On a drizzly Saturday morning before Christmas I sit at my computer to type out my last column of the year. Next March, “Inside view,” at least as crafted by me, marks its seventh anniversary. The column was actually launched a few months before I started working here in 1995 and was originally authored by the lovely and talented Jim Mikles. Once, in his absence, the equally lovely and talented Tim Bousquet filled this space with his words, and he called some St. Patrick’s Day revelers “yahoos.” The column averages about 650 words and takes about 45 minutes to write and is enjoyed by people all over the world. (OK, that’s a stretch.) I’m struggling here because I don’t want to be in my office on a rainy Saturday morning writing this. I’d rather be playing basketball with my son or something along those lines. (Instead, my boy is crammed under my desk watching a James Bond flick.) And what follows is proof that I have absolutely nothing to say this week. I was thinking of maybe running my favorite “Inside view” of the year or maybe just some of my favorite sentences. But I couldn’t decide on any.

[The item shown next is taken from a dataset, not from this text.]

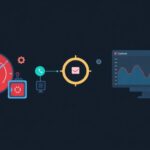 Monitoring tutorial - IT technology blog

I can see the Saturday Farmers’ Market from my office window. People are bundled up against the elements, checking out the melons and honey and leeks. I see a fellow I recognize walking through the market. His name is Dan, and he used to work at LaSalles back in the 1980s. Later he worked at the Sierra Nevada Taproom. He may work there still. I recall that he is a big Minnesota Vikings fan. Bousquet, who sometimes mans a booth at the market, where he hawks coffee and his paper, the Chico Examiner, is not there today. I decide he is a fair-weather Farmers’ Market vendor. A Chico Fire Department fire truck, with its siren blaring, races by and splashes through the intersection at Second and Flume streets. It is a dangerous and exciting intersection, especially since the city rebuilt and straightened the Camellia Way Bridge, allowing westbound vehicles to work up a really good head of steam before rounding the corner and plowing through. Every workday we hear tires squeal and horns blow, announcements that a near-accident has just occurred. There is a festive gold-ribbon bow attached to the front of the fire truck. It heads over the bridge toward Mangrove, and its siren fades in the distance. A second fire truck follows. It is has a Christmas wreath attached to its front.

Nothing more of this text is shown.